**Task statement**
Lift out, unaltered, the lines of the material below between the line holding "cover image of" and the line holding "Davlat budjeti va davlat qarzlari 1", counting both.

** Opening Recorded data block **

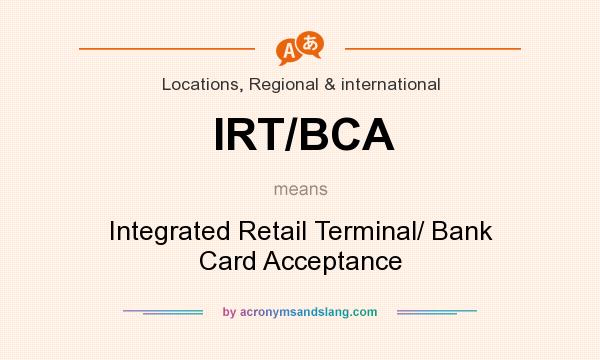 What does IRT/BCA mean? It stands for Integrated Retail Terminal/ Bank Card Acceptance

** Closing Recorded data block **
** Opening Recorded data block **

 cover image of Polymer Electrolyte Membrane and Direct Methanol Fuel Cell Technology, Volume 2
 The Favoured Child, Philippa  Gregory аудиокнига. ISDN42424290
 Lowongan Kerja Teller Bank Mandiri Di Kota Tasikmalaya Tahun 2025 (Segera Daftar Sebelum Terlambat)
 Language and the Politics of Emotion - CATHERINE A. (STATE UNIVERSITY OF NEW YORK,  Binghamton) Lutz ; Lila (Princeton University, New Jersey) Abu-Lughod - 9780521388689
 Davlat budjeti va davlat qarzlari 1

** Closing Recorded data block **

**Response to the exercise**
 cover image of Polymer Electrolyte Membrane and Direct Methanol Fuel Cell Technology, Volume 2
 The Favoured Child, Philippa  Gregory аудиокнига. ISDN42424290
 Lowongan Kerja Teller Bank Mandiri Di Kota Tasikmalaya Tahun 2025 (Segera Daftar Sebelum Terlambat)
 Language and the Politics of Emotion - CATHERINE A. (STATE UNIVERSITY OF NEW YORK,  Binghamton) Lutz ; Lila (Princeton University, New Jersey) Abu-Lughod - 9780521388689
 Davlat budjeti va davlat qarzlari 1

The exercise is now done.